(Web page caption snippets)

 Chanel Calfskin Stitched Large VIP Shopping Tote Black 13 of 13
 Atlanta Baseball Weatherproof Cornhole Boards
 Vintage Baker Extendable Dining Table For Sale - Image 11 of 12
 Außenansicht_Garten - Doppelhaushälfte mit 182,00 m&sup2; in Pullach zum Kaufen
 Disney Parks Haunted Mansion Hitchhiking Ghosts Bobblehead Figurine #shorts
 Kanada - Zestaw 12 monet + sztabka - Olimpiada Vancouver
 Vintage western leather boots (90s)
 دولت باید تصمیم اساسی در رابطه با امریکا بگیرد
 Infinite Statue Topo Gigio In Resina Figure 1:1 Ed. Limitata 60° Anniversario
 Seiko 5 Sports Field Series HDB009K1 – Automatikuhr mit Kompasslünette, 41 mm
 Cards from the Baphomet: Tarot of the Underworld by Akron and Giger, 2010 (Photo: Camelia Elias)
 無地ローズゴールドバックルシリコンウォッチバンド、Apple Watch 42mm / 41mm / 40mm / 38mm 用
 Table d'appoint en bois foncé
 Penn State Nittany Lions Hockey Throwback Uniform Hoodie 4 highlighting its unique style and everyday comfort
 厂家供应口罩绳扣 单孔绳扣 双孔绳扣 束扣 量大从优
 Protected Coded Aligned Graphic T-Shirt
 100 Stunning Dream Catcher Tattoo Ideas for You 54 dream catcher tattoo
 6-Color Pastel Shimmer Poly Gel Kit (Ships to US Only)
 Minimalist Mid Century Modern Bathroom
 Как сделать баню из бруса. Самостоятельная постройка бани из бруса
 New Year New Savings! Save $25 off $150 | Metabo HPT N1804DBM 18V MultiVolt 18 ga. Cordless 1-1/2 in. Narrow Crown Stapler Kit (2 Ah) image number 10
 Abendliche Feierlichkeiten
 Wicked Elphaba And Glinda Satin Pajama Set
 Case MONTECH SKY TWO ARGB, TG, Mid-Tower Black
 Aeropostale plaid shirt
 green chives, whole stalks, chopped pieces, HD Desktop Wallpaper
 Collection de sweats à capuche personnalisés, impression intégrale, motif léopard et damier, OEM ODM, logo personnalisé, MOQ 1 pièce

### Assignment
Would you write out each entry precisely as it is given?

### Problem solution
 Chanel Calfskin Stitched Large VIP Shopping Tote Black 13 of 13
 Atlanta Baseball Weatherproof Cornhole Boards
 Vintage Baker Extendable Dining Table For Sale - Image 11 of 12
 Außenansicht_Garten - Doppelhaushälfte mit 182,00 m&sup2; in Pullach zum Kaufen
 Disney Parks Haunted Mansion Hitchhiking Ghosts Bobblehead Figurine #shorts
 Kanada - Zestaw 12 monet + sztabka - Olimpiada Vancouver
 Vintage western leather boots (90s)
 دولت باید تصمیم اساسی در رابطه با امریکا بگیرد
 Infinite Statue Topo Gigio In Resina Figure 1:1 Ed. Limitata 60° Anniversario
 Seiko 5 Sports Field Series HDB009K1 – Automatikuhr mit Kompasslünette, 41 mm
 Cards from the Baphomet: Tarot of the Underworld by Akron and Giger, 2010 (Photo: Camelia Elias)
 無地ローズゴールドバックルシリコンウォッチバンド、Apple Watch 42mm / 41mm / 40mm / 38mm 用
 Table d'appoint en bois foncé
 Penn State Nittany Lions Hockey Throwback Uniform Hoodie 4 highlighting its unique style and everyday comfort
 厂家供应口罩绳扣 单孔绳扣 双孔绳扣 束扣 量大从优
 Protected Coded Aligned Graphic T-Shirt
 100 Stunning Dream Catcher Tattoo Ideas for You 54 dream catcher tattoo
 6-Color Pastel Shimmer Poly Gel Kit (Ships to US Only)
 Minimalist Mid Century Modern Bathroom
 Как сделать баню из бруса. Самостоятельная постройка бани из бруса
 New Year New Savings! Save $25 off $150 | Metabo HPT N1804DBM 18V MultiVolt 18 ga. Cordless 1-1/2 in. Narrow Crown Stapler Kit (2 Ah) image number 10
 Abendliche Feierlichkeiten
 Wicked Elphaba And Glinda Satin Pajama Set
 Case MONTECH SKY TWO ARGB, TG, Mid-Tower Black
 Aeropostale plaid shirt
 green chives, whole stalks, chopped pieces, HD Desktop Wallpaper
 Collection de sweats à capuche personnalisés, impression intégrale, motif léopard et damier, OEM ODM, logo personnalisé, MOQ 1 pièce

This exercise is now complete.